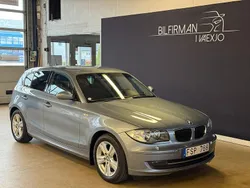 Ljusblå Begagnad 2007 BMW 120 Advantage Halvkombi | 99 900 kr (Marknadspris)
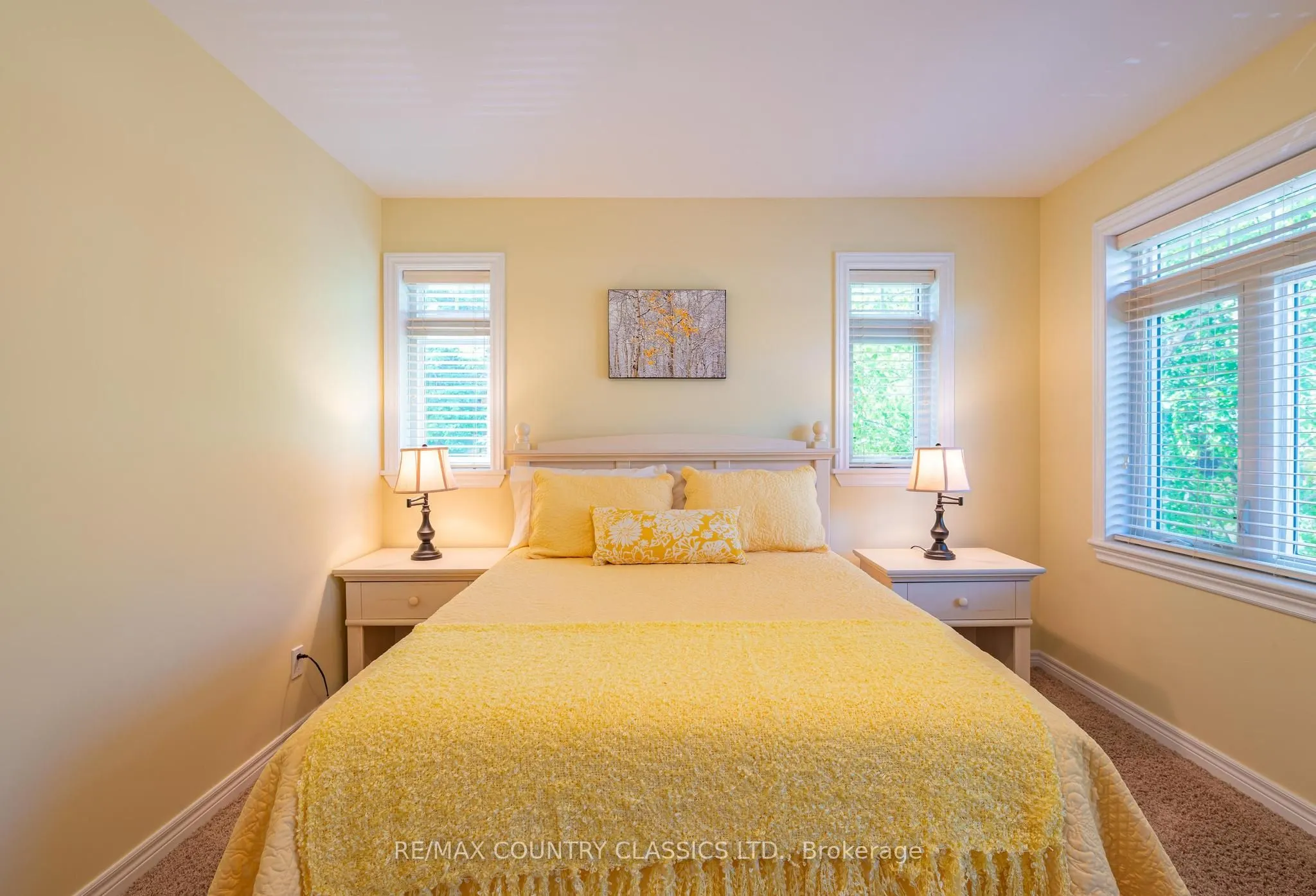 1579 Anstruther Lake Road, #1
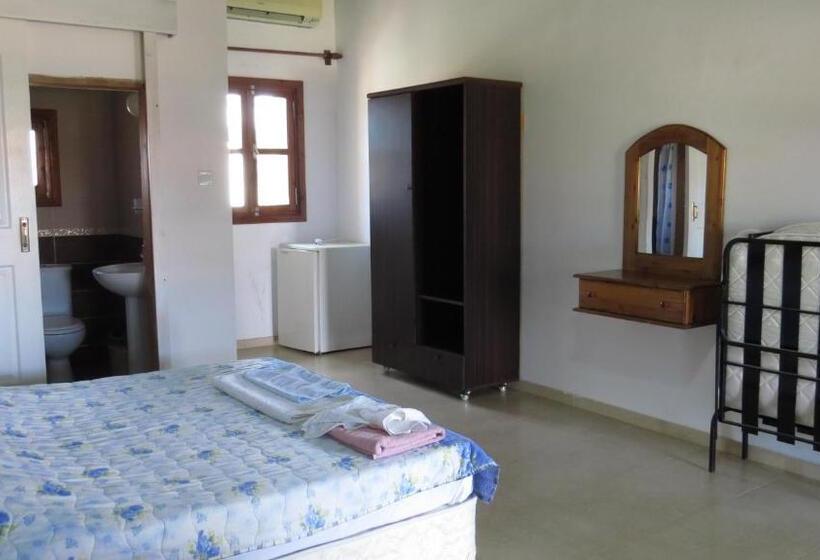 Quarto Economy, Elausa Hotel & Restaurant
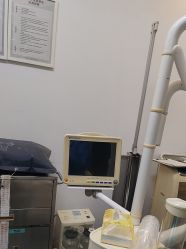 -瑞丽口腔·美学矫正中心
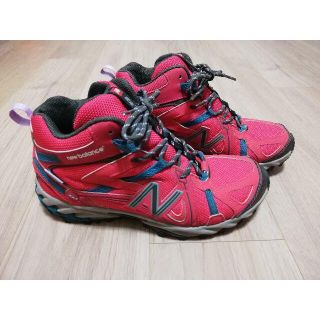 ニューバランス(New Balance)の【あられ様用】ニューバランス５７３　トレッキングシューズ(登山用品)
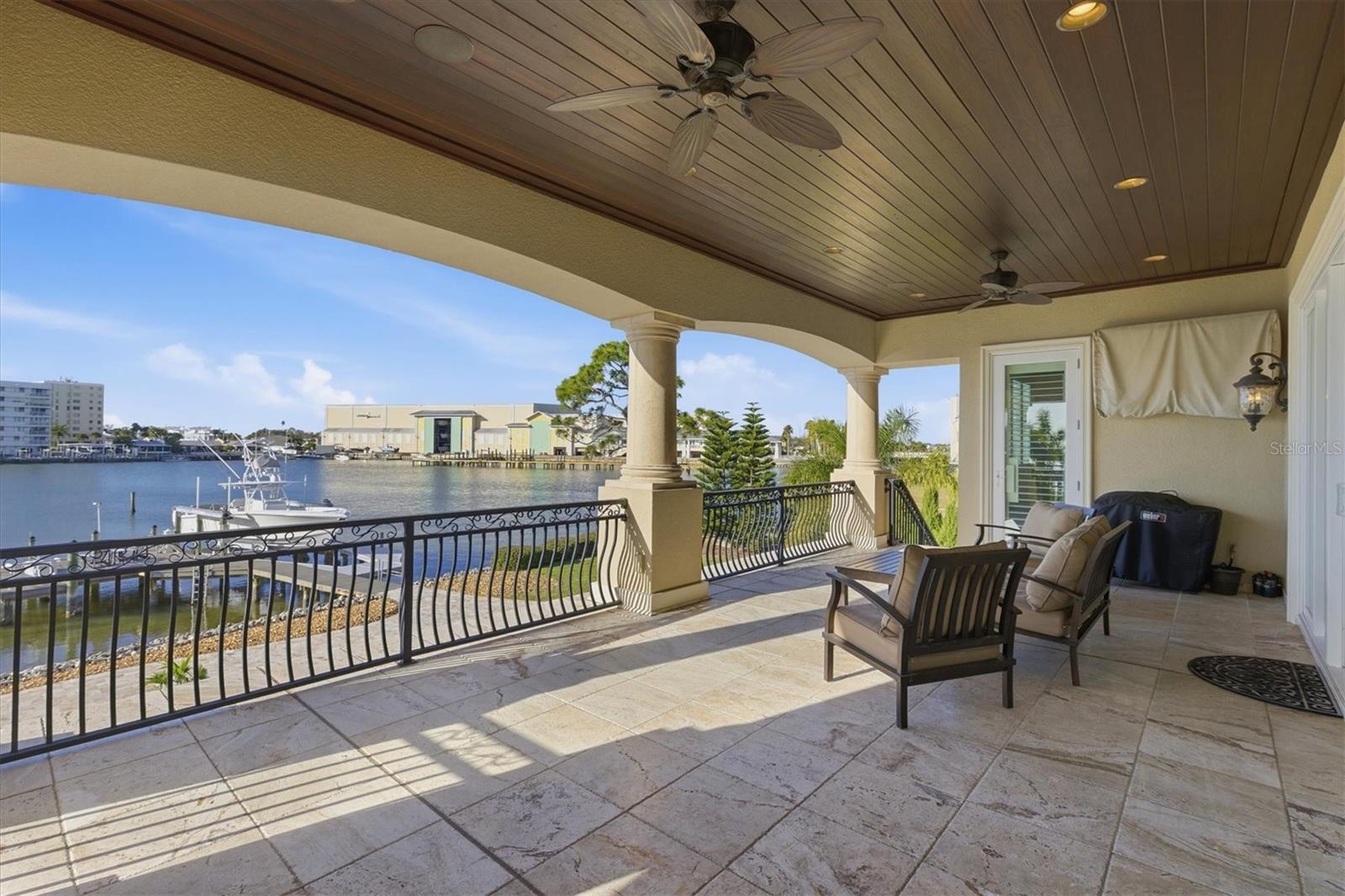 BAYWOOD SHORES - Residential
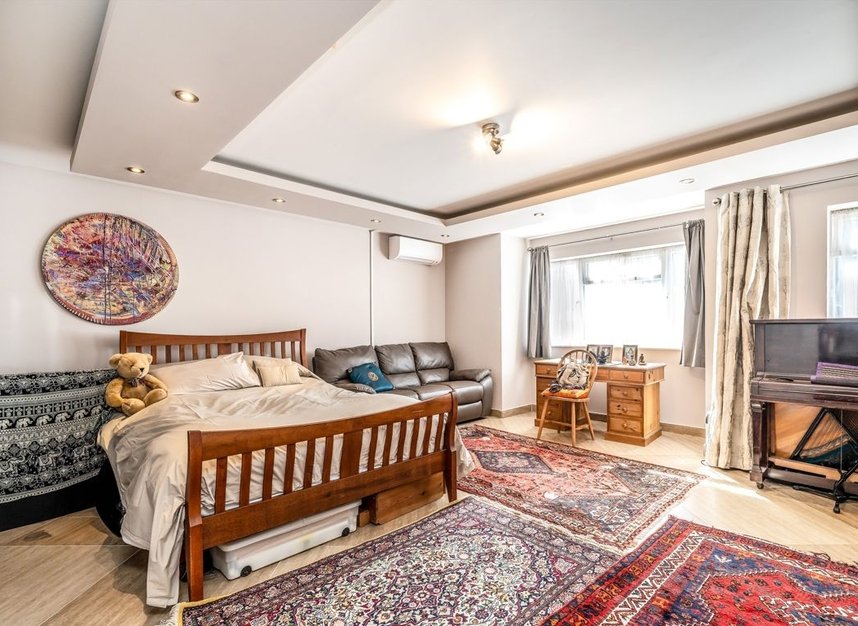 Properties for sale in Great West Road - TW7 4PU view6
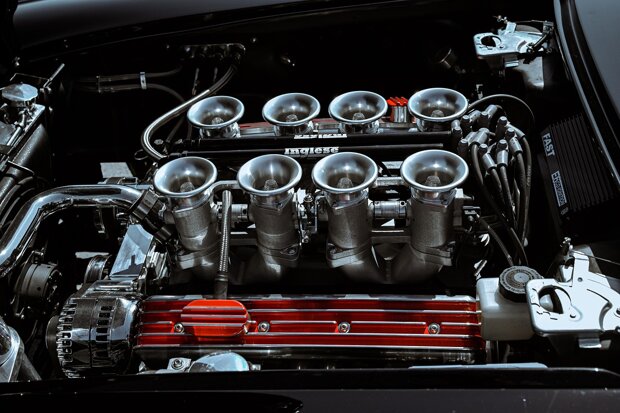 Motore V8 benzina ad alte prestazioni con collettori di aspirazione in vista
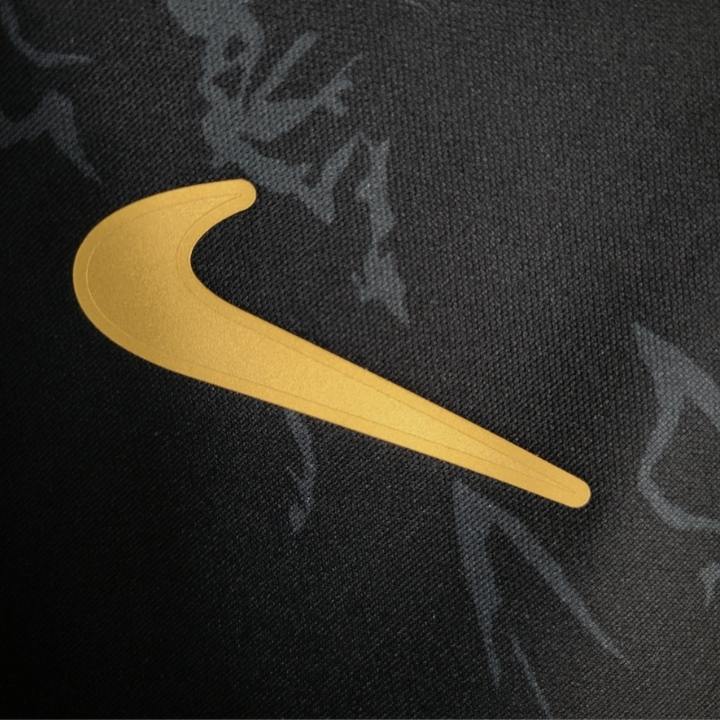 24/25 FC Barcelona Shirt - Gouden Ridder Versie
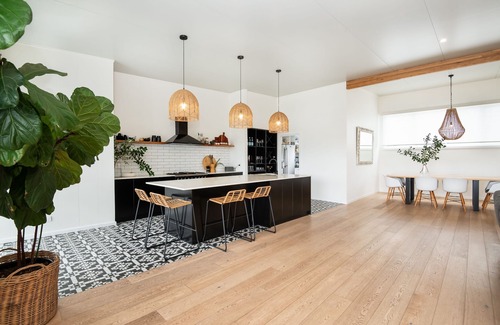 Emerald Beach Casa | Ultimate Beachside Getaway – Modern Luxury with Emerald Ocean Views 🌊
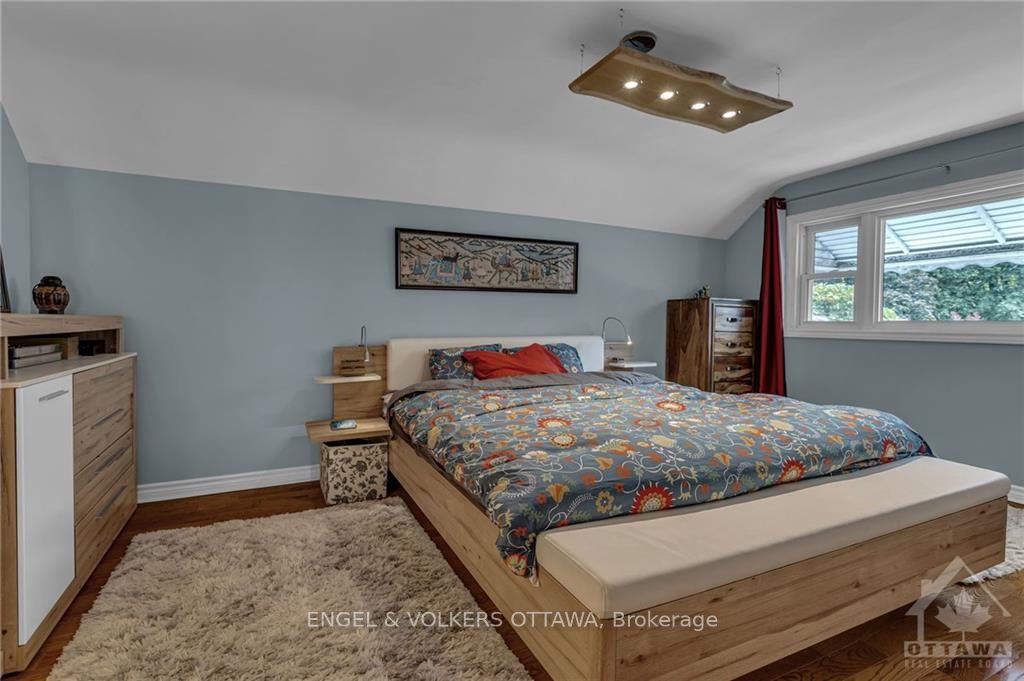 525 Braydon Avenue Property Photo 22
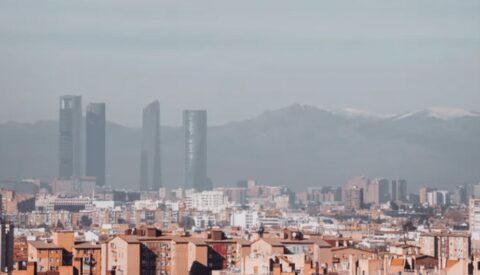 Un billón de microplásticos en el cielo de Madrid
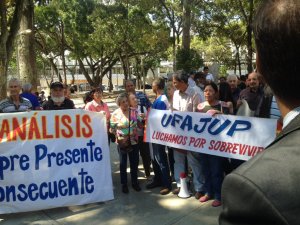 Pensionados protestan frente a la Defensoría del Pueblo #11Sep (videos)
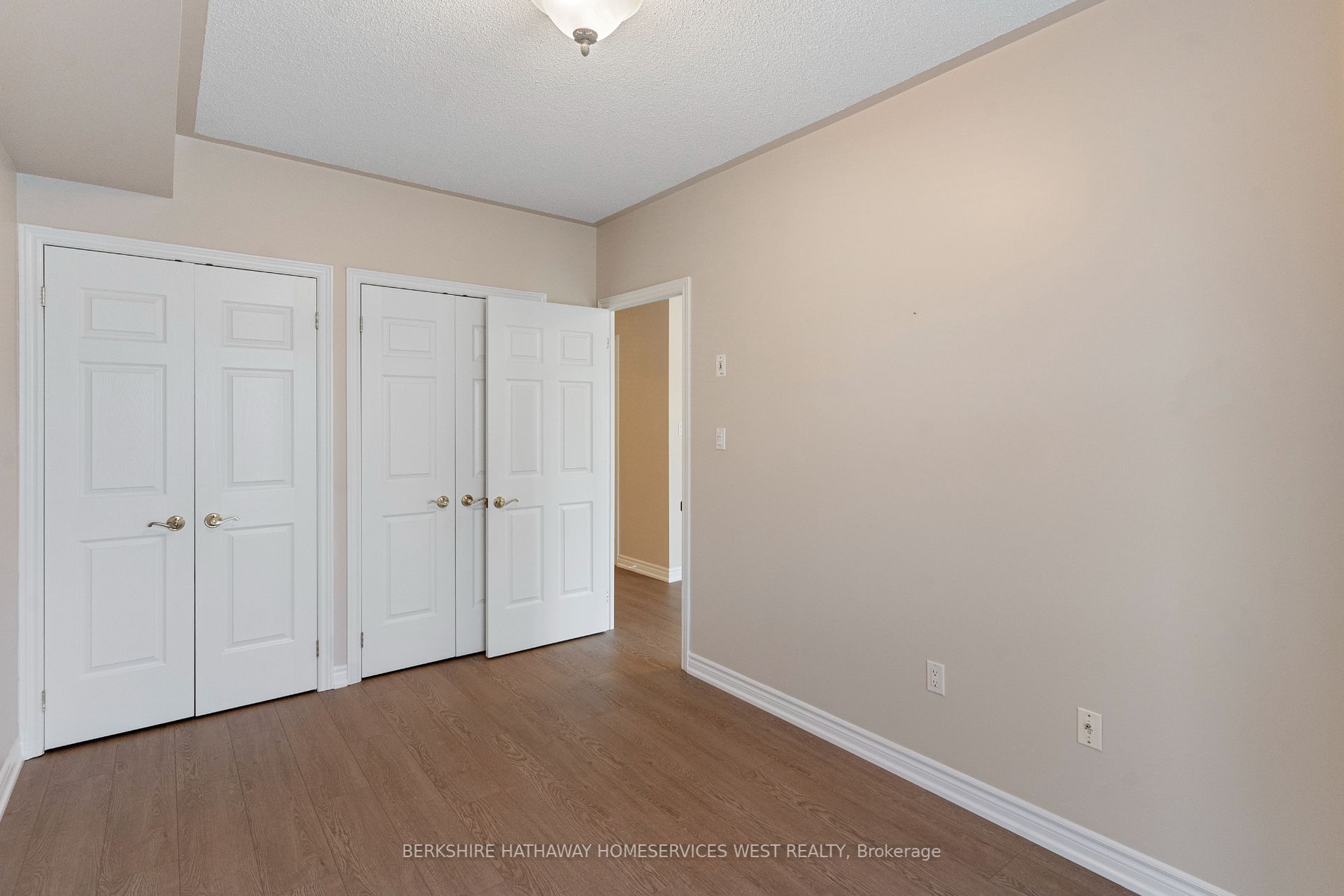 3085 Bloor St W, #207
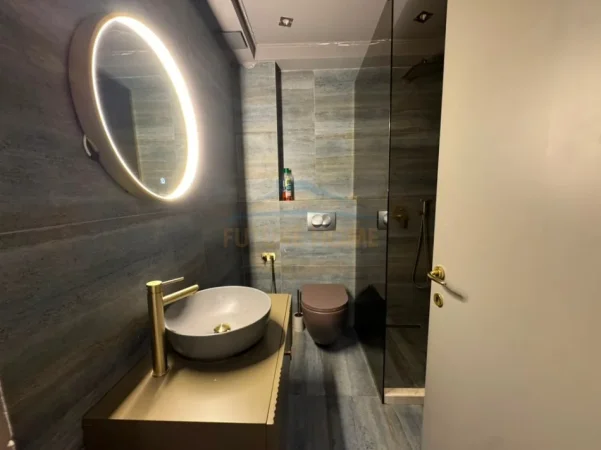 Tirane, jepet me qera apartament 3+1+Ballkon Kati 8, 120 m² 1.500 € (Zogu i Zi)
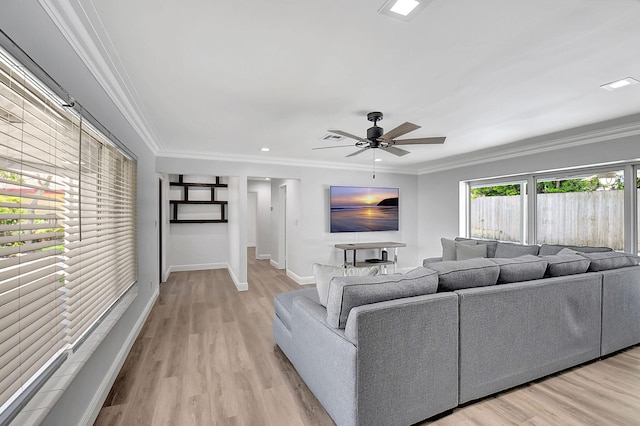 living area with light wood-type flooring, baseboards, a ceiling fan, crown molding, and recessed lighting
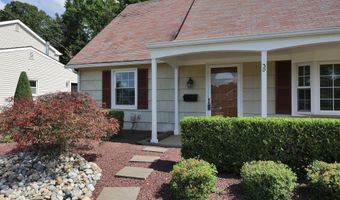 30 Oxford Ln, Aberdeen, NJ 07747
* * * * * * * * *
▸ What is required:
Leave out the pictures and output the rest of the records exactly.

▸ Expected answer:
 Ljusblå Begagnad 2007 BMW 120 Advantage Halvkombi | 99 900 kr (Marknadspris)
 1579 Anstruther Lake Road, #1
 Quarto Economy, Elausa Hotel & Restaurant
 -瑞丽口腔·美学矫正中心
 ニューバランス(New Balance)の【あられ様用】ニューバランス５７３　トレッキングシューズ(登山用品)
 BAYWOOD SHORES - Residential
 Properties for sale in Great West Road - TW7 4PU view6
 Motore V8 benzina ad alte prestazioni con collettori di aspirazione in vista
 24/25 FC Barcelona Shirt - Gouden Ridder Versie
 Emerald Beach Casa | Ultimate Beachside Getaway – Modern Luxury with Emerald Ocean Views 🌊
 525 Braydon Avenue Property Photo 22
 Un billón de microplásticos en el cielo de Madrid
 Pensionados protestan frente a la Defensoría del Pueblo #11Sep (videos)
 3085 Bloor St W, #207
 Tirane, jepet me qera apartament 3+1+Ballkon Kati 8, 120 m² 1.500 € (Zogu i Zi)
 living area with light wood-type flooring, baseboards, a ceiling fan, crown molding, and recessed lighting
 30 Oxford Ln, Aberdeen, NJ 07747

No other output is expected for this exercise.